What needs to be done: Here the job is to repeat the listing exactly, but not the pictures in it.

Source data:
☆ ☆ ☆ ☆ ☆
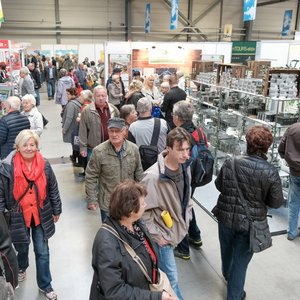 SaaleMesse 2017, Messeimpression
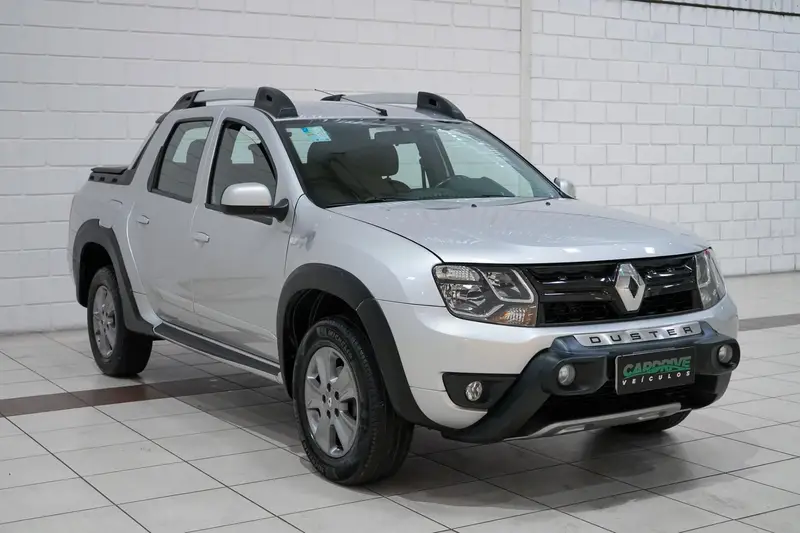 Renault Duster Oroch 1.6 16V SCe Dynamique (Flex)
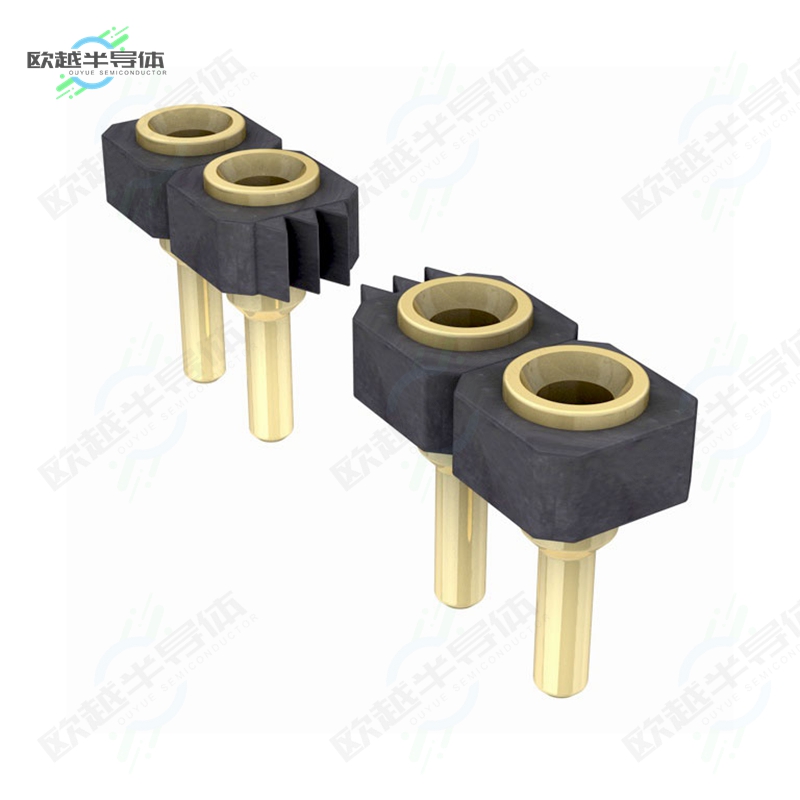 SL-109-G-12[连接器CONN RCPT 9POS 0.1 GOLD PCB]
☆ ☆ ☆ ☆ ☆
Exercise result:
 SaaleMesse 2017, Messeimpression
 Renault Duster Oroch 1.6 16V SCe Dynamique (Flex)
 SL-109-G-12[连接器CONN RCPT 9POS 0.1 GOLD PCB]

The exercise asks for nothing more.